Boll, bei der Mannschafts-EM in Luxemburg (13. bis 17. September) neben Dimitrij Ovtcharov Führungsspieler der favorisierten DTTB-Auswahl, hofft, dass das jahrelange Streitthema bald zu den Akten gelegt werden kann und setzt Weikert nochmals unter Handlungszwang. „Ich glaube fest daran, dass der Tischtennis-Weltverband bald Schnelltests zur Aufdeckung von Schlägermanipulationen einführt“, so der prominente Odenwälder. „Der kürzlich wiedergewählte Tischtennispräsident hat mir in die Hand versprochen, dass er nun Schnelltests für alle Beläge einführen will, um die Täter zu überführen.“

Und Boll will noch mehr, angeregt durch T2 APAC: „Ich spiele bei der Turnierserie T2 Asia-Pacific Table Tennis mit und dort gibt es Balljungen. Dadurch wird die Nettospielzeit erhöht. Das ist eine gute Sache.
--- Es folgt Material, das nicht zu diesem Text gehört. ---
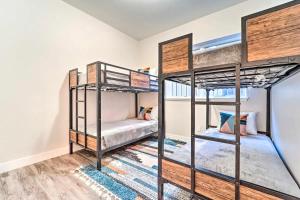 two bunk beds in a room with wooden floors at Modern w Best Mtn Views, HotTub, Pool table in Durango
Auch ist die Spieldauer auf 24 Minuten begrenzt, und der Ball muss nach 15 Sekunden wieder gespielt werden. Auch das ist nicht schlecht.“

Nun, ein Schritt in die von Boll angestrebte Richtung ist in Deutschland bereits erfolgt – ab dieser Saison sind in der TTBL bekanntlich Balljungen und Ballmädchen im Einsatz. Auch dort darf man die Sache nicht mehr hinauszögern, der Schiedsrichter bzw. Schiedsrichterassistent wirft dem aufschlagenden Spieler den Ball zu, sofern dieser ihn nicht bereits selbst aufgenommen hat, und mehr als zehn Sekunden zwischen den Ballwechseln sind nicht zulässig. Bei den ersten Bundesliga-Partien der neuen Spielzeit lief es tadellos und deutlich zügiger als bisher.